For each thread quantum (in this case, the time that a single logical thread gets on a physical processor), windows will keep track of each time KiSwapContext is called and returns to the saved thread state (stack, registers) for that thread. Each time this happens, SwapContext will increment the ContextSwitchCount member of the KTHREAD structure. We will be using the following native API's:
NtQuerySystemInformation
NtQueryInformationThread
I recommend using 2 threads for probing ContextSwitchCount as an anti-debug mechanism, it's not required but otherwise you have to ensure the current thread is near the beginning of it's cycle time. Otherwise a context switch could occur at the next DPC interrupt. As for probing cycle time itself as an anti-debug mechanism, 2 threads is required.
First I will explain probing ContextSwitchCount then afterwards, the thread cycle time.
Step 1 is to create an additional thread in our application. These will be extremely simple and vague examples ;p
All this thread will do is wait on a synchronization object.
ULONG Waiter(HANDLE event1)
{
WaitForSingleObject(event1,INFINITE);
}
int main()
{
HANDLE event1=CreateEvent(NULL,FALSE,FALSE,NULL);
CreateThread(NULL,0,(LPTHREAD_START_ROUTINE)Waiter,(LPVOID)event1,0,NULL);
//...
//...
}
Step 2. We will call NtQuerySystemInformation and locate our SYSTEM_PROCESS_INFORMATION structure. We will then navigate to the SYSTEM_THREAD_INFORMATION structure for the thread we have just created. We will wait until it has entered a waiting state (0x5). Once we have established that the thread is waiting, we will store it's ContextSwitchCount.
int main()
{
//...
//...
SYSTEM_PROCESS_INFORMATION π
SYSTEM_THREAD_INFORMATION &ti;
ULONG SwitchCount;
//Call NtQuerySystemInformation. Assign a structure pointer.
do
{
NtQuerySystemInformation(SystemProcessandThreadInformation,&heapbuffer,heapbuffersize,&len);
} while(ti->ThreadState!=0x5);
SwitchCount=ti->ContextSwitches;
}
Like I said, vague examples ;p
Step 3. At this point we have established the fact that our secondary thread is waiting on our synchronization object. We have also stored and saved it's last ContextSwitchCount. When a thread is waiting on a synchronization object, it is not added to the ready queue until either a kernel APC is queued to the thread, or the sync object is signaled.
In our main thread we will trigger an exception, this can be anything. For the sake of simplicity we will just use int3.
int main()
{
//...
//...
_asm
{
push handler
push fs:[0x0]
mov fs:[0x0], esp
int 3
}
}
I don't really know why I'm putting a code example for that one, but there it is. At this point, lets assume since int3 is a trap exception, (but even though SEH uses ExceptionAddress, so EIP-1), we advance our instruction pointer ahead one byte, then resume execution.

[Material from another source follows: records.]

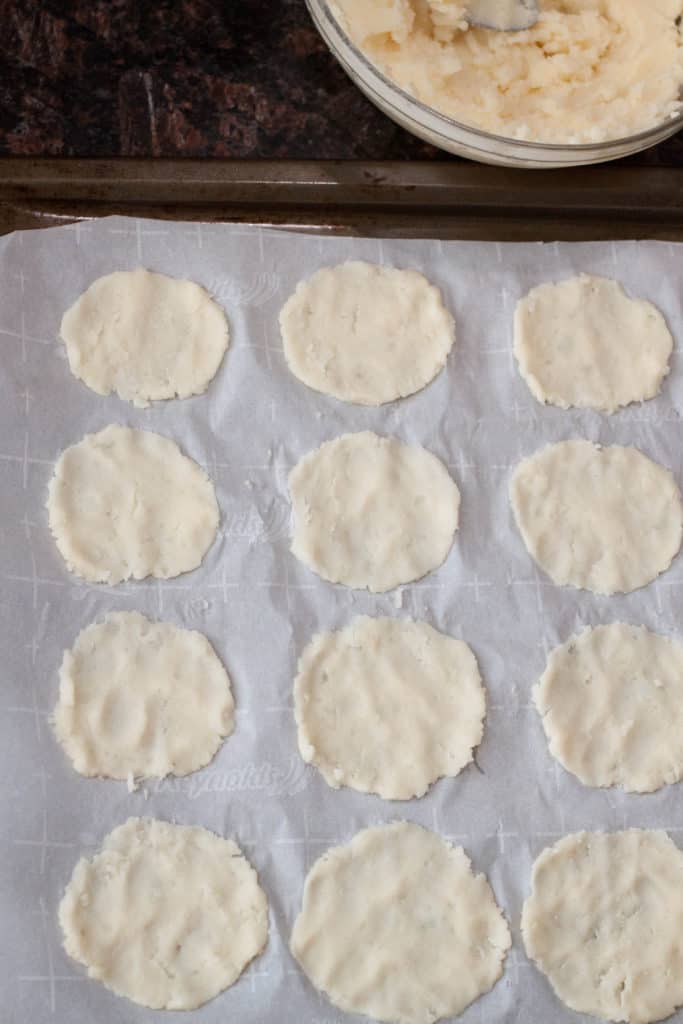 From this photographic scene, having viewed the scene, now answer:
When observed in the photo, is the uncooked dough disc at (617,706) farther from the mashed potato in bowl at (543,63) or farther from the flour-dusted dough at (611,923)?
the mashed potato in bowl at (543,63)

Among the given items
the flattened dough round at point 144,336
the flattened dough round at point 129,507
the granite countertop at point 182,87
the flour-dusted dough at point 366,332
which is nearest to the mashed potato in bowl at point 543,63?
the granite countertop at point 182,87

Step 4. We once again call NtQuerySytemInformation and walk through the SystemProcessandThreadInformation buffer to locate our process and our waiting thread, and probe it's context switch count.
int main()
{
//...
//...
//...
//Call NtQuerySystemInformation, walk buffer to our thread data
if(ti->ContextSwitches>SwitchCount)
{
//debugger detected, do something
}
}
As you can see, we compare our waiting thread's current context switch count to the previous value we probed. If it is higher, a debugger was attached to the process when we generated our exception and here is why:
When a thread generates an exception and a debug port is present for the process, it calls DbgkSuspendProcess to suspend all remaining threads in the process, while the thread that generated the exception will go on to wait on the debug object's synchronization mutex until the debugger continues the exception.
The context switch count is incremented because thread suspension is done via kernel APC's. As stated earlier, the waiting thread will be entered into the ready queue in one of 2 cases. Kernel APC's or the object being signaled. The same goes for cycle time. Using the above logic, we can probe the thread's cycle time, generate an exception and then probe it again. If incremented, a debugger is present. To probe cycle time we use NtQueryInformationThread with an infoclass of 0x17.
If no debugger is present, the faulting thread does not suspend remaining threads in wait for the debugger, instead it will resume its execution at KiUserExceptionDispatcher, and the thread we probed which is waiting on the synchronization object will have it's context switch count and cycle time unchanged.
Monday, February 25, 2013
Tuesday, February 19, 2013
RTL_USER_PROCESS_PARAMETERS anti-debug mechanism
While trying to figure out why windbg was modifying the current directory in this structure under certain scenarios, I took note of the flags members and wondered if they were possibly based off of certain process creation flags. Sure enough, and this doesn't seem to be documented anywhere.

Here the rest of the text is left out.